◆ YOUR GOAL
Without any pictures, retype exactly the lines from the one with "Rachel Zegler [ rachel-zegler" through the final line of the records.

◆ DATA PROVIDED
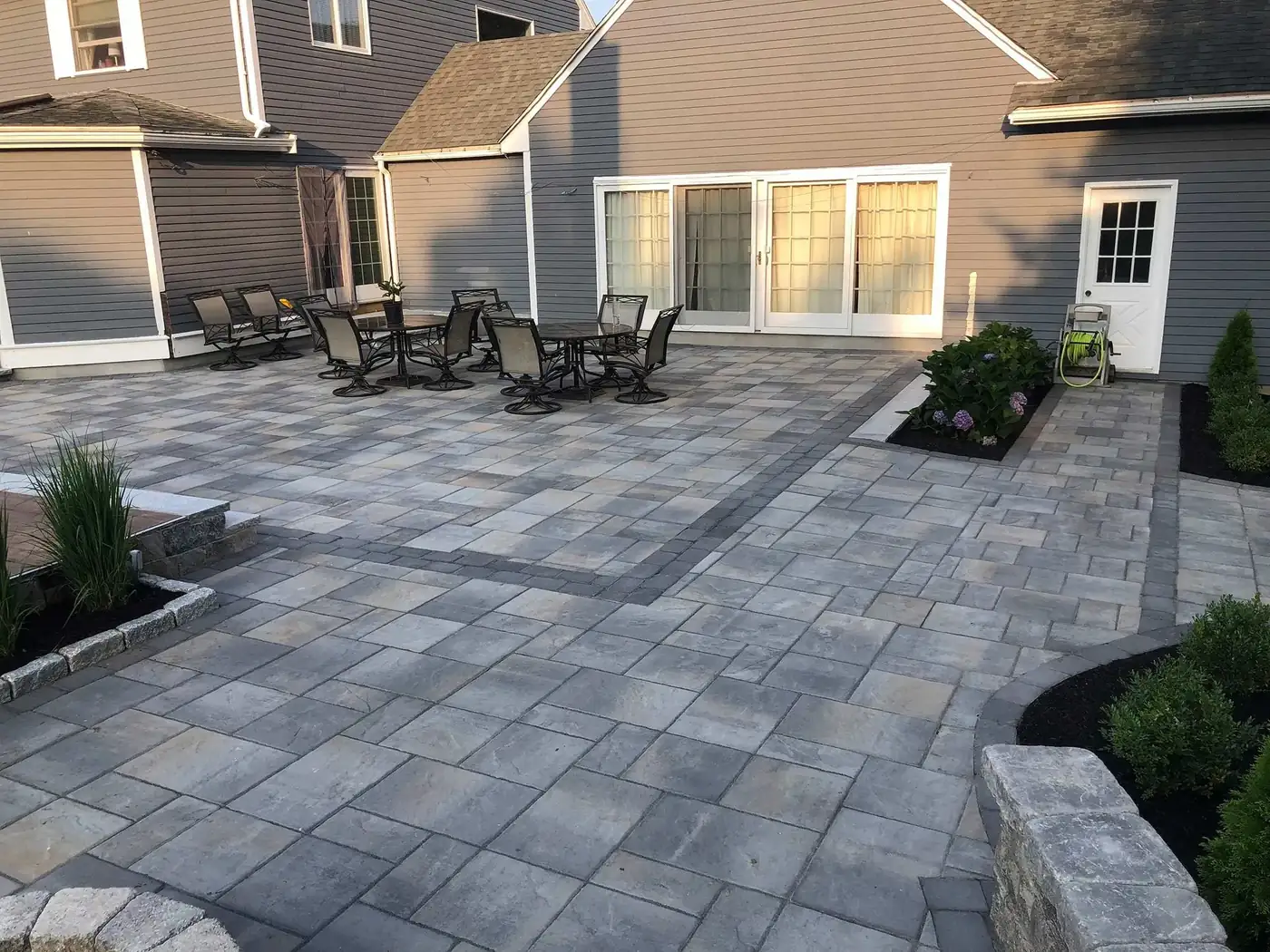 Paver patio with curved planting-bed edging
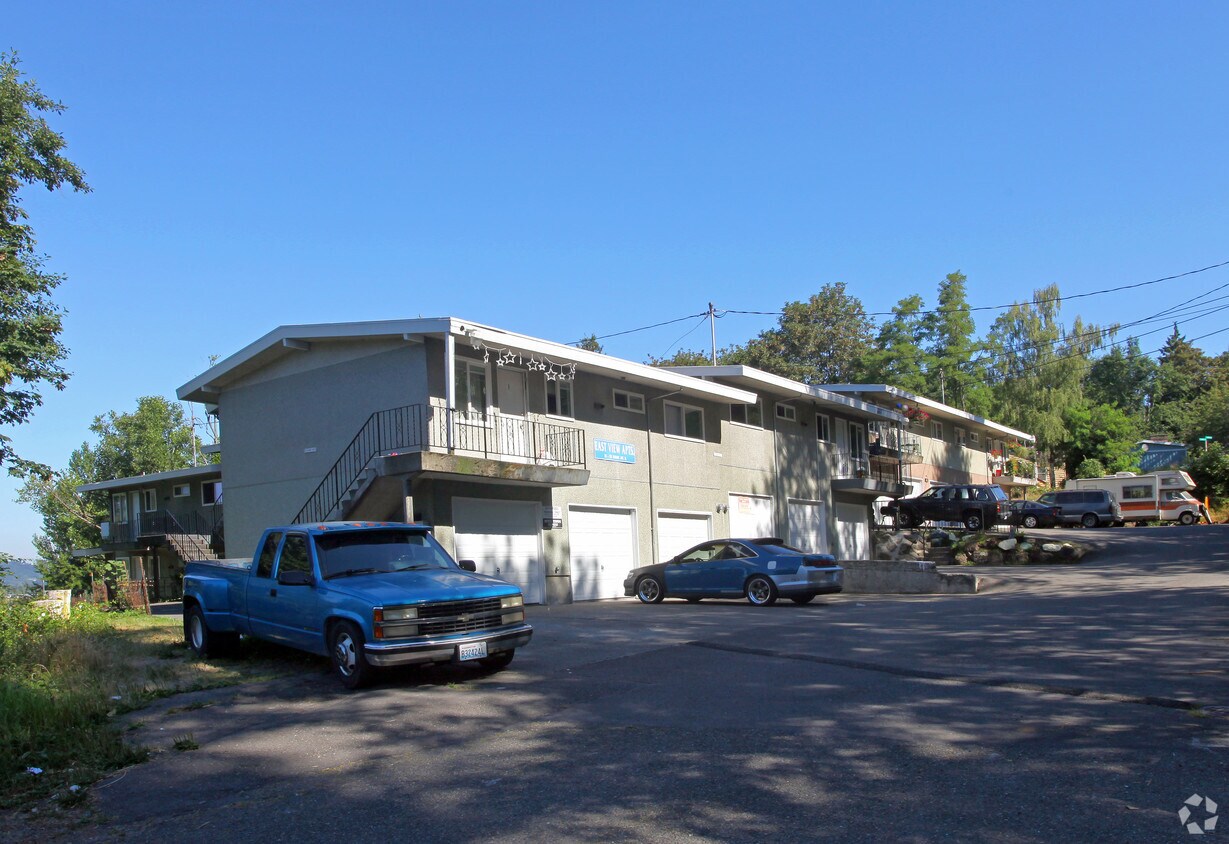 Primary Photo - East View Apartments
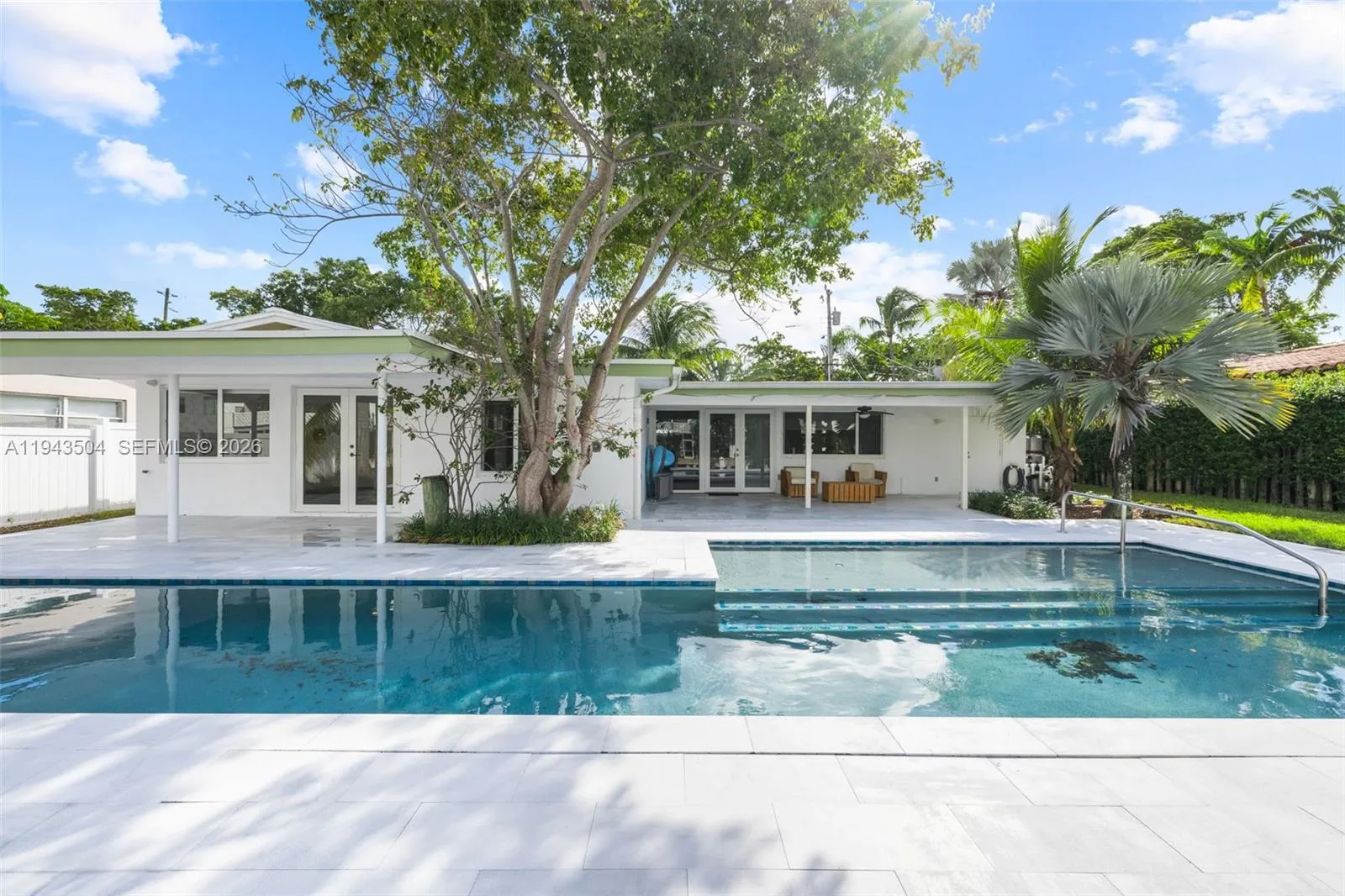 Vendido 1895 Ixora Road, North Miami, FL 33181, North Miami, FL 33181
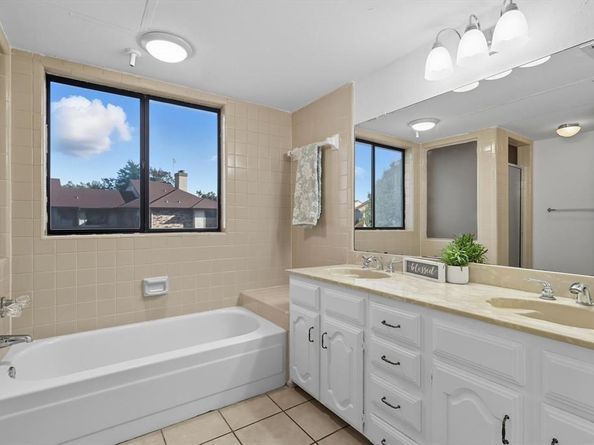 910  Turtle Cove  148, Irving Texas 75060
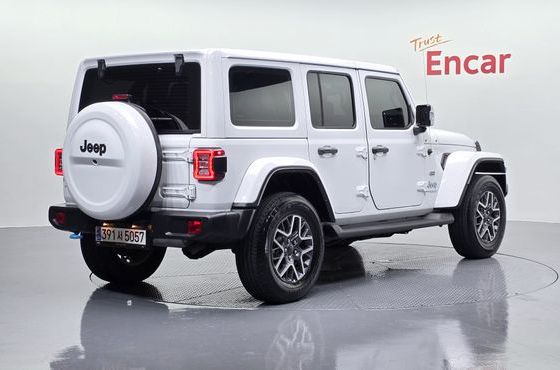 Jeep Wrangler 2.0 Overland 4Door 4xe — пробег 39 295 км — фото 2 из 5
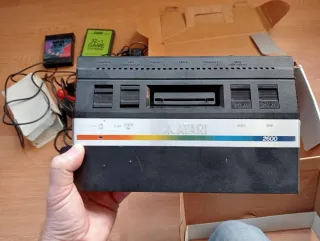 Videoconsola atari 2600 con cartuchos 32 en 1+ 1 m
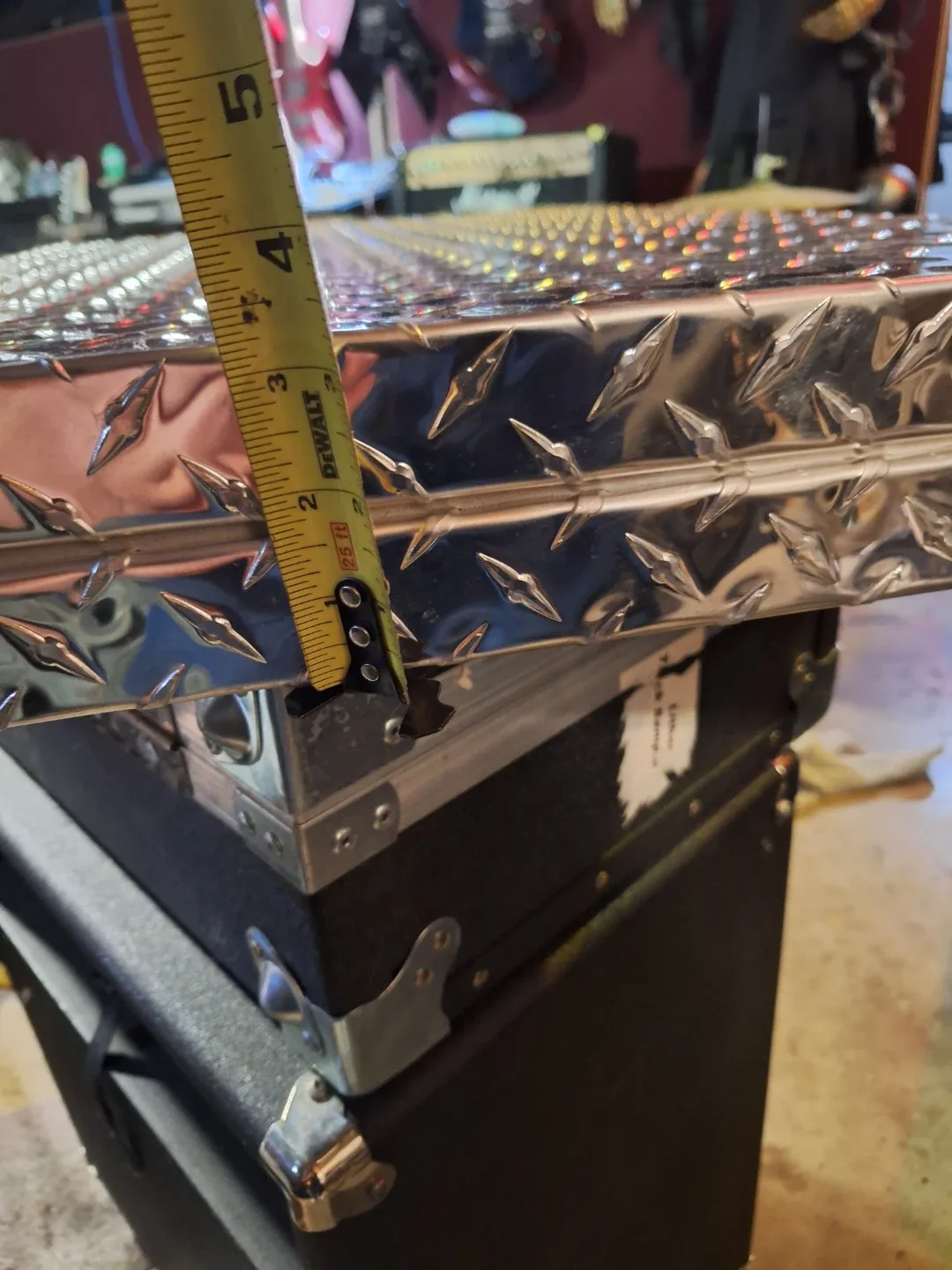 Custom Road Case - Diamond Plate image indicator(4)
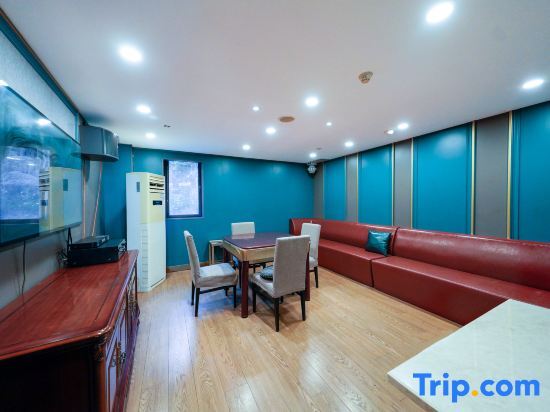 Шанхай: Vienna Classic Hotel(Shanghai Jinhaihu Subway Station Branch)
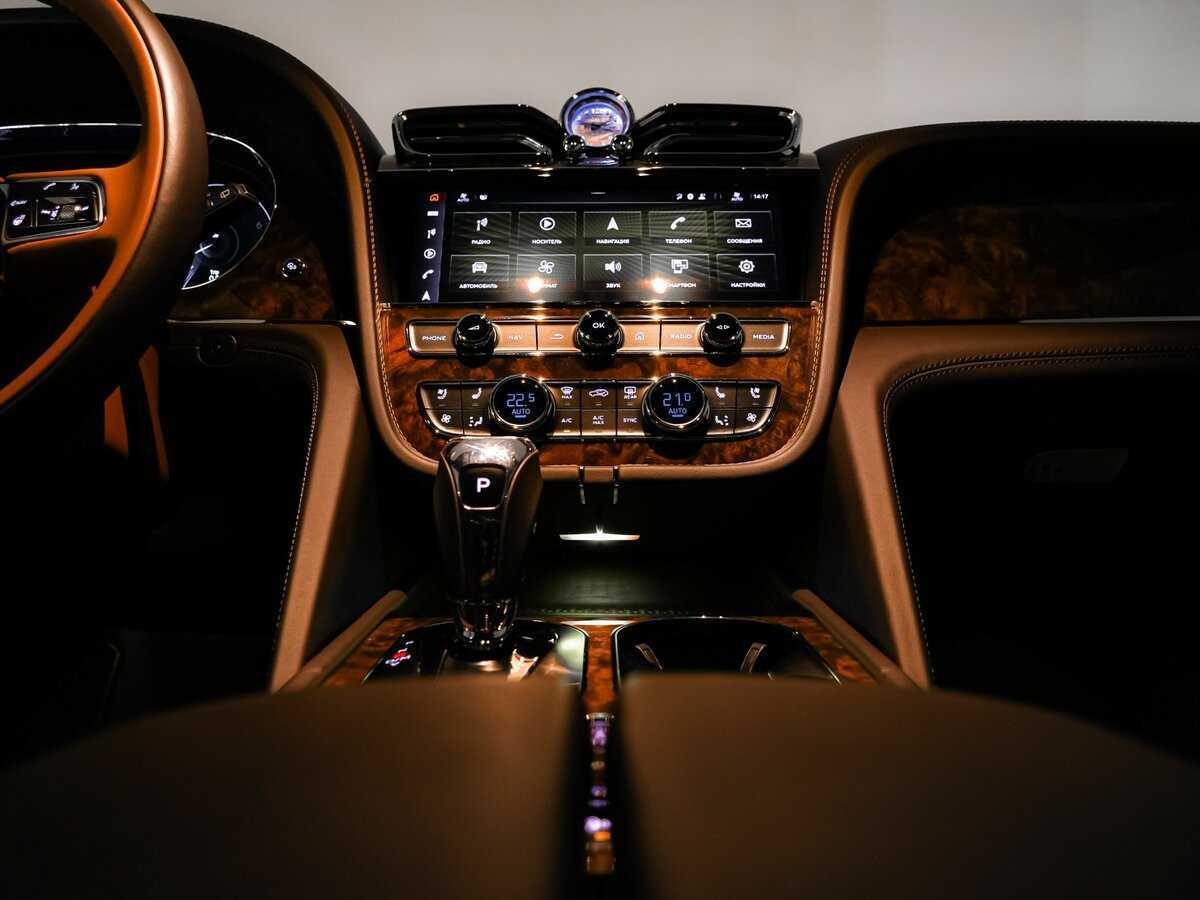 Bentley Bentayga с пробегом — 2021 год. Фото: #19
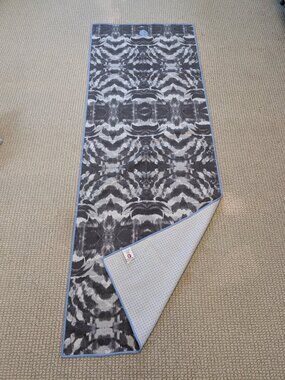 Manduka Yogitoes Hot Yoga Towel Mat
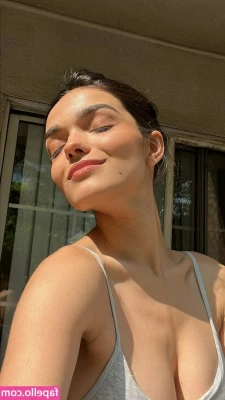 Rachel Zegler [ rachel-zegler ] - Why hello there!!!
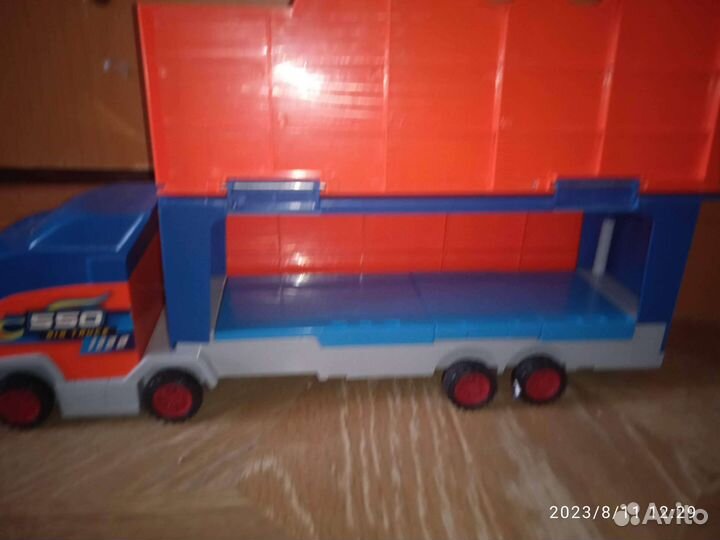 Многофункциональный игрушечный грузовик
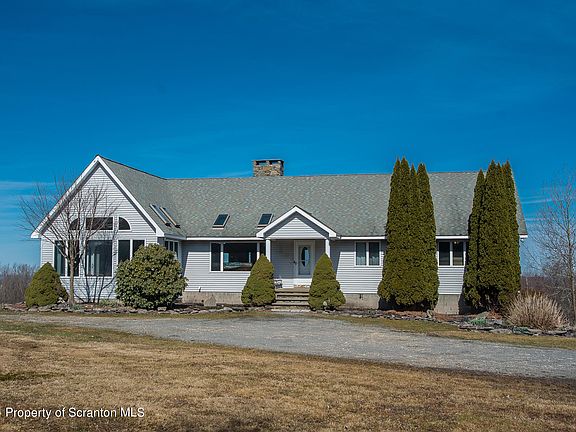 2nd image of 109 Clubhouse Ln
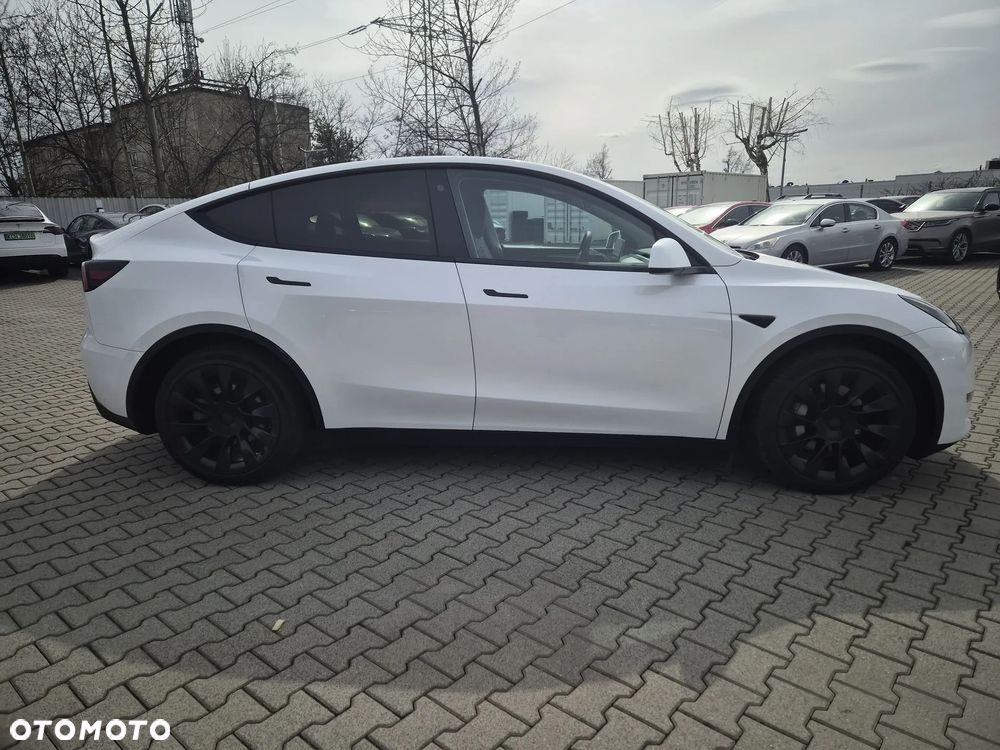 Tesla Y Long Range AWD - 7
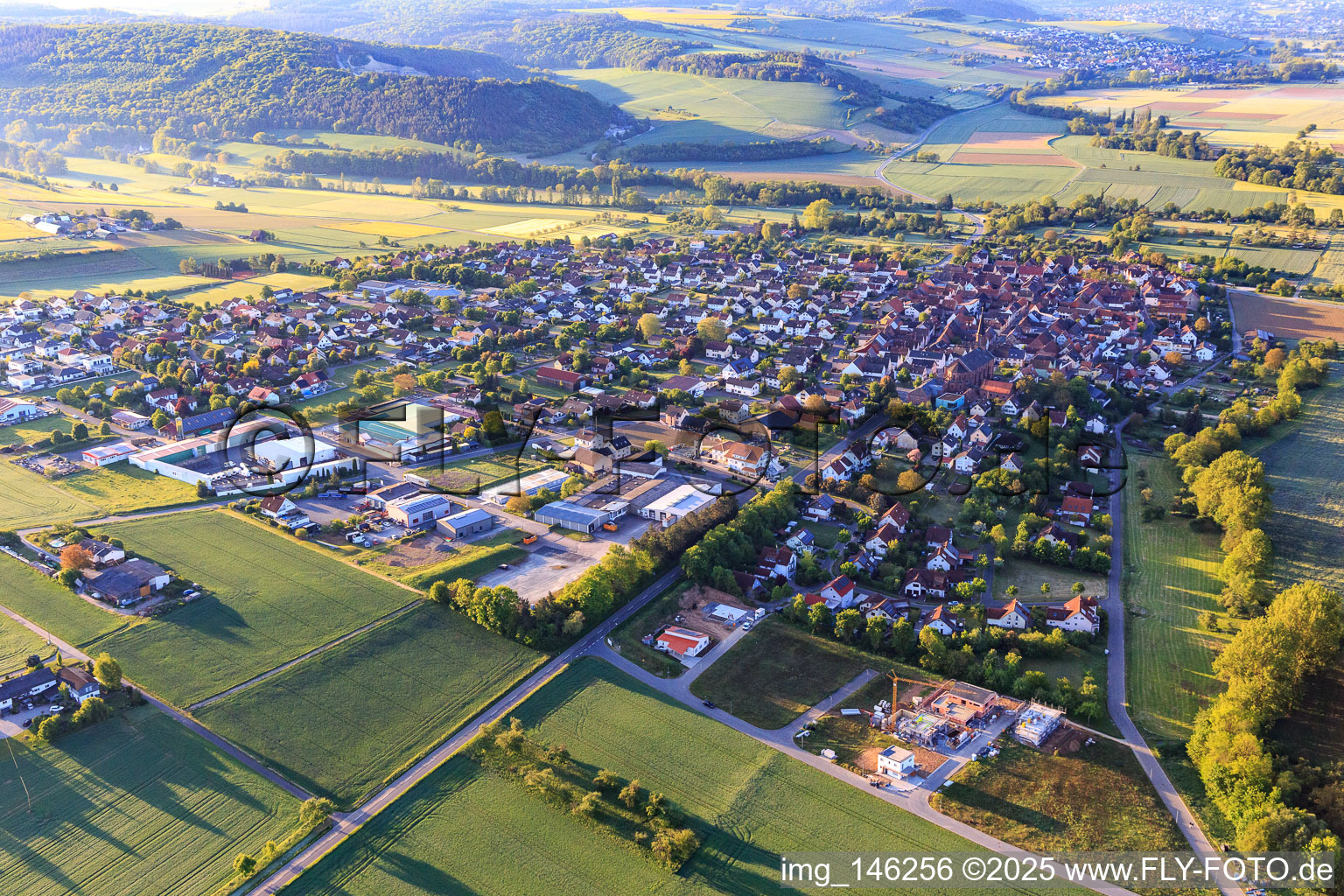 Ortsansicht im lieblichen Taubertal am Morgen aus Nordwesten in Werbach im Bundesland Baden-Württemberg, Deutschland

◆ SOLVED EXERCISE
 Rachel Zegler [ rachel-zegler ] - Why hello there!!!
 Многофункциональный игрушечный грузовик
 2nd image of 109 Clubhouse Ln
 Tesla Y Long Range AWD - 7
 Ortsansicht im lieblichen Taubertal am Morgen aus Nordwesten in Werbach im Bundesland Baden-Württemberg, Deutschland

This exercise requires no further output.